Tony Judt wrote an article in the London Review of Books which began by asking, “Why have American liberals acquiesced in President Bush’s catastrophic foreign policy?” Bruce Ackerman and Todd Gitlin responded in The American Prospect with a manifesto that said in essence, “Who you talkin’ about, Tony?”

But Tony has simply observed what all of us have known for the longest time: genuine liberalism – hell, even centrism – has long gone missing from the mass political discourse in the United States.
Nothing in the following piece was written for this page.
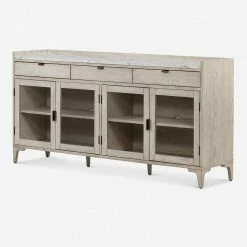 Lulu And Georgia Ryden Curio Sideboard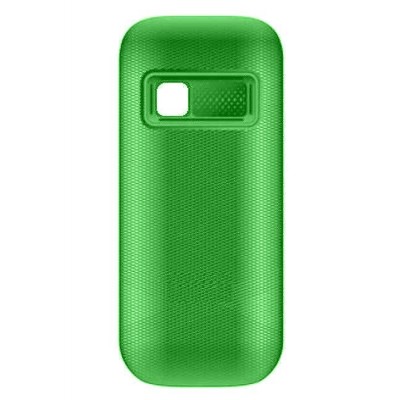 Back Panel Cover For Lesun D3 Plus Green - Maxbhi.com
The closest anyone can find to a liberal on tv – and folks, I love them dearly, but Jon Stewart and Steve Colbert are comedians – are liberal hawks of the George Packer/Paul Berman/Peter Beinart variety.

Judt makes this, unfortunately, quite clear by pointing out that in 1988, a “reaffirmation” of liberalism published in the NY Times was signed by, among others, Daniel Bell, J.K. Galbraith, Felix Rohatyn, Arthur Schlesinger Jr, Irving Howe, Eudora Welty, Kenneth Arrow, and Robert Penn Warren. Many positive things can be said about the people on the current list (which, btw, includes Arrow and Schlesinger), but in terms of name recognition and cultural status, it just isn’t the same. Who has taken their place? Not the signers of the Prospect manifesto, surely. Instead, those presently with name recognition and cultural status in America are genuine morons: Paul Wolfowitz, Bill O’Reilly, William Kristol, Max Boot, and, to take Pynchon out of context, the rest of the Whole Sick Crew.

Please don’t misunderstand. I am NOT saying that the signers are in any way lightweights. There are many important thinkers among the signatories. What I’m saying is that they have, at present, next to zero stature in mainstream American culture. To claim, as Judt did of the ’88 manifesto, that the present one is an “open rebuke” of a conservative president’s folly is to ascribe much more influence to the signers of this manifesto than they command in American intellectual, let alone political and cultural, life.

American culture has literally eliminated liberals and liberalism from any consideration of serious influence. What this esoteric little spat among the intelligentsia illustrates is just how much work we liberals have cut out for us in order to regain anything resembling serious stature, let alone influence, in the US.